There are people in the
present who need us, who need us to actively choose the pain that's been thrust
on us so that so we can step out of it and finally be in a place where we're
able to help them. Each one of them is a
reason to choose to bend when the whole world is telling us to fight back and break.
They are the reasons to
cup our tears in our hands and stare at
them. Look them in the eye. And then make the conscious decisions to
accept them, letting them drip through our fingers.
What's your reason?
Another reason to
accept pain is so that we can fully thrive in the moment. If we let them, the hard experiences of the
past will boost us upward farther than we ever thought possible.
Of this very subject
the Bible says, "That the trial of your faith, being much more precious
than of gold that perisheth, though it be tried with fire, might be found unto
praise and honour and glory at the appearing of Jesus Christ:" (1 Peter 1:7)
Not only are trials
survivable, they are actually precious. More precious, in fact than even our physical possessions. This I know from personal experience. The moments when I've suffered and fully accepted the suffering are without reservation the most
valuable things I own. One might argue
that faith in God is of greater worth. I
would fire back that my personal experiences with pain are my faith in God. Scarred
hands and feet that are healed are often more beautiful than before they were
pierced.
That doesn't mean they
should have been pierced.
That doesn't mean it
was fair.
That doesn't mean it
didn't mess up quite a few things.
But that doesn't mean
that that can't, in the end, be a good thing.
While I've never
experienced anything that could be labeled as trauma by any stretch of the
imagination, I am grateful for pain that clings to me for years on end and for
the realization that it is time to bend, let it fade, and step into the future.
Will you come with me?
Friends, I would have
stopped you from being hurt if I could have.
But as that is no longer an option, I will gladly walk with you as we
all cradle wounds no one else can see until the day comes when we decide that we're
ready to stop letting those things control our lives and find a reason powerful
enough to value them for what they really are.
Maybe then we will realize that navigating life with things that
stings inside isn't such a bad thing.
If you still need
reassurance, take heart from these lines from the Half-Blood Prince:
“It was, he
thought, the difference between being dragged into the arena to face a battle
to the death and walking into the arena with your head held high.
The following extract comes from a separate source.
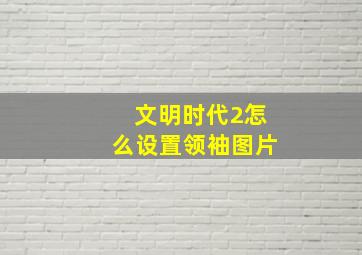 文明时代2怎么设置领袖图片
Some people,
perhaps, would say that there was little to choose between the two ways, but
Dumbledore knew - and so do I, thought Harry, with a rush of fierce pride, and
so did my parents - that there was all the difference in the world.”
That is
our choice. So let's make it.
If you would like to stay updated on my posts, you can subscribe and/or like The Modest Miracle's Facebook page.
Wonderlane, "Story of the Fun Blessing on the Road to Darjeeling, India (Orange, black, and white butterflies, North of Ft. Bragg, California, USA)" https://creativecommons.org/licenses/by/2.0/legalcode Maltz Evans, "Are You One in the Stream of the Holy Spirit," https://creativecommons.org/licenses/by-nd/2.0/legalcode Ricardo Liberato "Freedom" https://creativecommons.org/licenses/by-sa/2.0/legalcode
If you would like to stay updated on my posts, you can subscribe and/or like The Modest Miracle's Facebook page.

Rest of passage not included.